START Working data

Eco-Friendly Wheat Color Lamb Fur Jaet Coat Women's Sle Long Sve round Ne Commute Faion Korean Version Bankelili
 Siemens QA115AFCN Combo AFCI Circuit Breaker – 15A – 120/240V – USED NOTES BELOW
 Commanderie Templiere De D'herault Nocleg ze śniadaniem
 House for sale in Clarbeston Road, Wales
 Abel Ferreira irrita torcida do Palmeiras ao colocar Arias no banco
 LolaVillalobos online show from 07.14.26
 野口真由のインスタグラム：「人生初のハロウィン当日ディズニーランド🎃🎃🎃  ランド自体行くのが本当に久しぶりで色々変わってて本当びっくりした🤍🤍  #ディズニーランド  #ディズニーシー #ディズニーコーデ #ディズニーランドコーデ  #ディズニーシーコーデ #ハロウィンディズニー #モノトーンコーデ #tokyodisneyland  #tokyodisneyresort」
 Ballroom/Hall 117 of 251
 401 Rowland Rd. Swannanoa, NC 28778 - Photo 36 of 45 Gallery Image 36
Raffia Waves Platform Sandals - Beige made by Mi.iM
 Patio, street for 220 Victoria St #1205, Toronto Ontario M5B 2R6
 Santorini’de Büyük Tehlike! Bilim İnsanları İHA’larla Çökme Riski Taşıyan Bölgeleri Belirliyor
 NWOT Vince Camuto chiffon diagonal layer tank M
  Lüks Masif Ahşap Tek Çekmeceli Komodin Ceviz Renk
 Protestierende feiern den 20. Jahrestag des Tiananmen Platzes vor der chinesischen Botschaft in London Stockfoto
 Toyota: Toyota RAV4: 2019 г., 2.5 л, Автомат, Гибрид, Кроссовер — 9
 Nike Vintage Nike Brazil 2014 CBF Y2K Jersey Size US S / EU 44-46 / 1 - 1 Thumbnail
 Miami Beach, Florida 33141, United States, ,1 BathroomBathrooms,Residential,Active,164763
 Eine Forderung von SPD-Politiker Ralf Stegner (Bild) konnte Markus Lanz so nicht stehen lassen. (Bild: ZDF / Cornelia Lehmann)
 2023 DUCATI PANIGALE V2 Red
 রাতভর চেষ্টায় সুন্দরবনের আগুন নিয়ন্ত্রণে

END Working data

» Problem to solve
Every line of the listing above is to be repeated exactly as written.

» Your solution
Eco-Friendly Wheat Color Lamb Fur Jaet Coat Women's Sle Long Sve round Ne Commute Faion Korean Version Bankelili
 Siemens QA115AFCN Combo AFCI Circuit Breaker – 15A – 120/240V – USED NOTES BELOW
 Commanderie Templiere De D'herault Nocleg ze śniadaniem
 House for sale in Clarbeston Road, Wales
 Abel Ferreira irrita torcida do Palmeiras ao colocar Arias no banco
 LolaVillalobos online show from 07.14.26
 野口真由のインスタグラム：「人生初のハロウィン当日ディズニーランド🎃🎃🎃  ランド自体行くのが本当に久しぶりで色々変わってて本当びっくりした🤍🤍  #ディズニーランド  #ディズニーシー #ディズニーコーデ #ディズニーランドコーデ  #ディズニーシーコーデ #ハロウィンディズニー #モノトーンコーデ #tokyodisneyland  #tokyodisneyresort」
 Ballroom/Hall 117 of 251
 401 Rowland Rd. Swannanoa, NC 28778 - Photo 36 of 45 Gallery Image 36
Raffia Waves Platform Sandals - Beige made by Mi.iM
 Patio, street for 220 Victoria St #1205, Toronto Ontario M5B 2R6
 Santorini’de Büyük Tehlike! Bilim İnsanları İHA’larla Çökme Riski Taşıyan Bölgeleri Belirliyor
 NWOT Vince Camuto chiffon diagonal layer tank M
  Lüks Masif Ahşap Tek Çekmeceli Komodin Ceviz Renk
 Protestierende feiern den 20. Jahrestag des Tiananmen Platzes vor der chinesischen Botschaft in London Stockfoto
 Toyota: Toyota RAV4: 2019 г., 2.5 л, Автомат, Гибрид, Кроссовер — 9
 Nike Vintage Nike Brazil 2014 CBF Y2K Jersey Size US S / EU 44-46 / 1 - 1 Thumbnail
 Miami Beach, Florida 33141, United States, ,1 BathroomBathrooms,Residential,Active,164763
 Eine Forderung von SPD-Politiker Ralf Stegner (Bild) konnte Markus Lanz so nicht stehen lassen. (Bild: ZDF / Cornelia Lehmann)
 2023 DUCATI PANIGALE V2 Red
 রাতভর চেষ্টায় সুন্দরবনের আগুন নিয়ন্ত্রণে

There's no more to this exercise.